Re: [RFC PATCH] tracing: add sched_prio_update
From: Peter Zijlstra
Date: Thu Aug 11 2016 - 06:43:23 EST
On Mon, Jul 04, 2016 at 03:46:04PM -0400, Julien Desfossez wrote:
> The effective priority of running threads can also be temporarily
> changed in the PI code, but a dedicated tracepoint is already in place
> to cover this case.
So while we have that tracepoint its not really all that useful.
I would suggest removing it and replacing it with a combination of this
tracepoint and a new blocked-on tracepoint that would let us trace the
entire blocking graph (we could even include !PI primitives).

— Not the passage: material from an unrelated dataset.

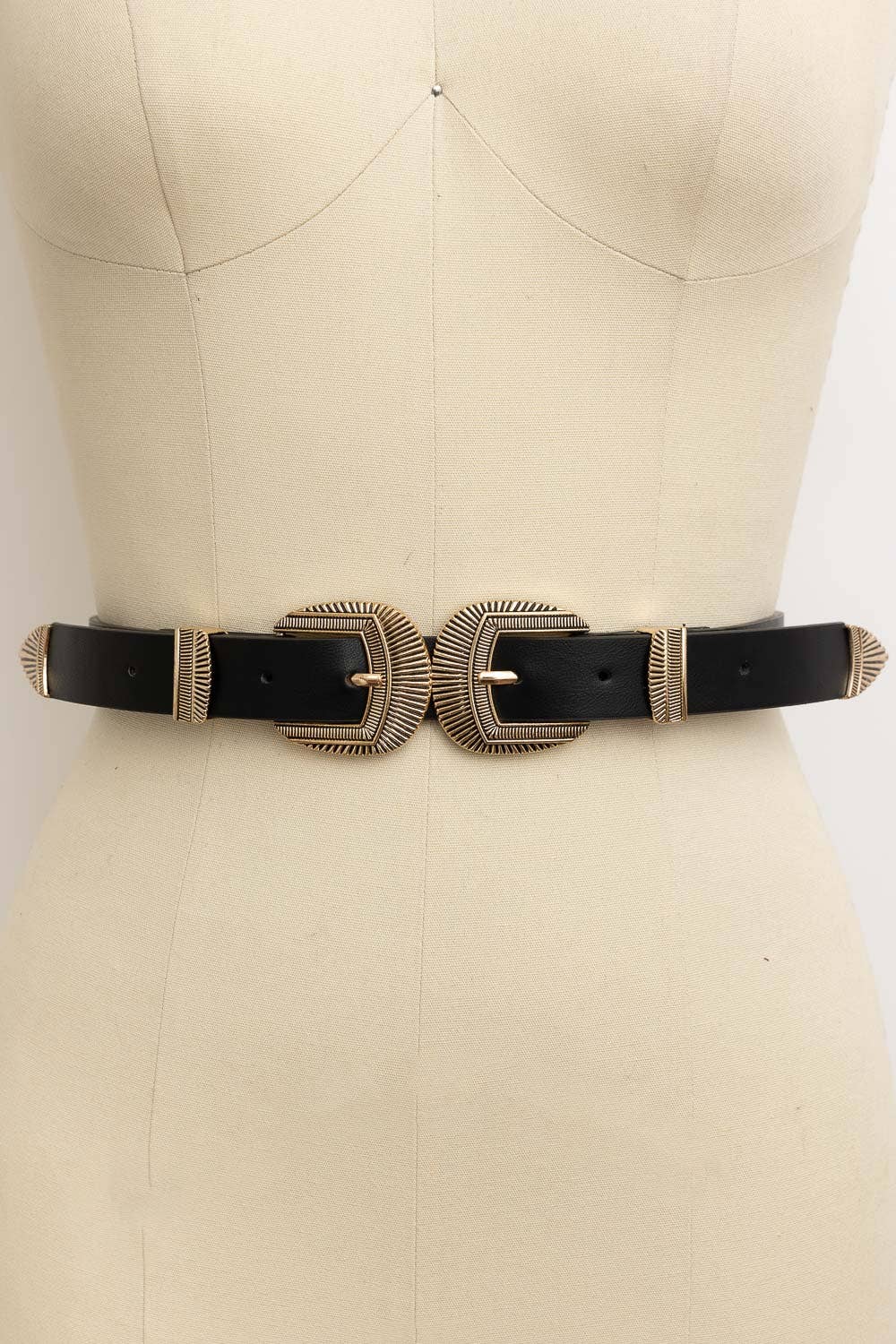 Double Buckle Western Faux Leather Belt - Black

> Here are a few output examples:
> After fork of a normal task:
> sched_prio_update: comm=bash pid=2104, policy=SCHED_NORMAL, nice=0,
> rt_priority=0, dl_runtime=0, dl_deadline=0, dl_period=0
>
> renice -n 10 of a normal task:
> sched_prio_update: comm=sleep pid=2130, policy=SCHED_NORMAL, nice=10,
> rt_priority=0, dl_runtime=0, dl_deadline=0, dl_period=0
>
> SCHED_FIFO 60:
> sched_prio_update: comm=chrt pid=2105, policy=SCHED_FIFO, nice=0,
> rt_priority=60, dl_runtime=0, dl_deadline=0, dl_period=0
>
> SCHED_RR 60:
> sched_prio_update: comm=chrt pid=2109, policy=SCHED_RR, nice=0,
> rt_priority=60, dl_runtime=0, dl_deadline=0, dl_period=0
>
> SCHED_DEADLINE:
> sched_prio_update: comm=b pid=2110, policy=SCHED_DEADLING, nice=0,
> rt_priority=0, dl_runtime=10000000, dl_deadline=30000000,
> dl_period=30000000
Looks OK.
> +++ b/kernel/fork.c
> @@ -1773,6 +1773,7 @@ long _do_fork(unsigned long clone_flags,
> struct pid *pid;
>
> trace_sched_process_fork(current, p);
> + trace_sched_prio_update(p);
>
> pid = get_task_pid(p, PIDTYPE_PID);
> nr = pid_vnr(pid);
I'm a bit torn on this, like Steven I loathe back to back tracepoints.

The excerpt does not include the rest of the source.